前年那場大雪散文

前年那場大雪散文

  前年,南方那場五十年難遇的大雪,在給人們的生活帶來了諸多的不便,生產遭受重創之外,曾經習慣了冬天裡的大雪的人們,還是被那紛紛揚揚的雪花感動了一回。

  大雪的頭一天,雪還是淅淅瀝瀝的,似粉似沙而無花。深夜時分,那雪就大了,在沒了潮水般的小轎車的馬路上無聲地飄著。第二天清晨,就見小區裡的一大群孩子在空曠的雪地玩著堆雪人,打雪仗。這對於南方城市裡的孩子來說,那雪是稀罕的,那雪是他們的節日。
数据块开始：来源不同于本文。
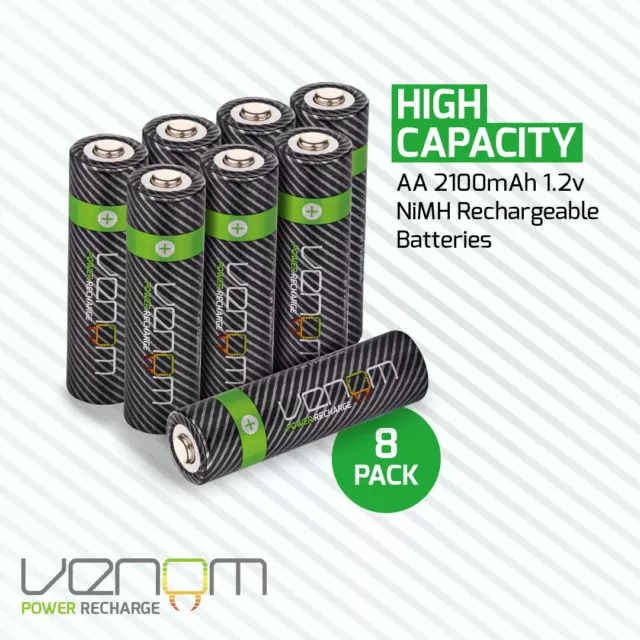 Venom Rechargeable AA Batteries - High Capacity 2100mAh 1.2V NiMH - Pack of 8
  “水泥森林”般的小區裡一片銀白,已有的一個雪人正歪歪扭扭地坐在那裡,鼻子是用胡蘿蔔做的。孩子們奔跑著他們的愉快,奔跑著他們的想象。在孩子的眼裡,那雪是他們的最好玩藝,那雪是他們的最愛之物。孩子說:“玩雪比幼兒園裡的算術快樂。”他們已會用“快樂”來表達他們的心情了。百忙之中,他們都沒忘了問旁人一句:“玩雪,你快樂嗎?”

  玩雪,我“快樂”嗎?

  小時候,我們也玩過雪。不過,不知道那算不算“玩”。雪深沒膝、大雪封門之類,幾乎是我們兒時對冬天的`全部記憶。相比較而言,那時倘若讓我在雪與孩子們今天的玩具之間做個選擇,毫無疑問,我會選擇那些花花綠綠、能跑會動的玩藝。

  可是,今天的孩子竟毫不猶豫地選擇了雪,而且他說,“玩雪快樂”。

  今天,在一家京城報紙上發現了一張京城大雪的新聞照片——這大雪在都市人眼裡當然是新聞——照片上那位穿著新娘子般火紅中式棉襖的年輕媽媽正和她的兒子堆雪人,抑制不住的喜悅奔湧在母子的臉上——是的,大雪裡的母子都是快樂的。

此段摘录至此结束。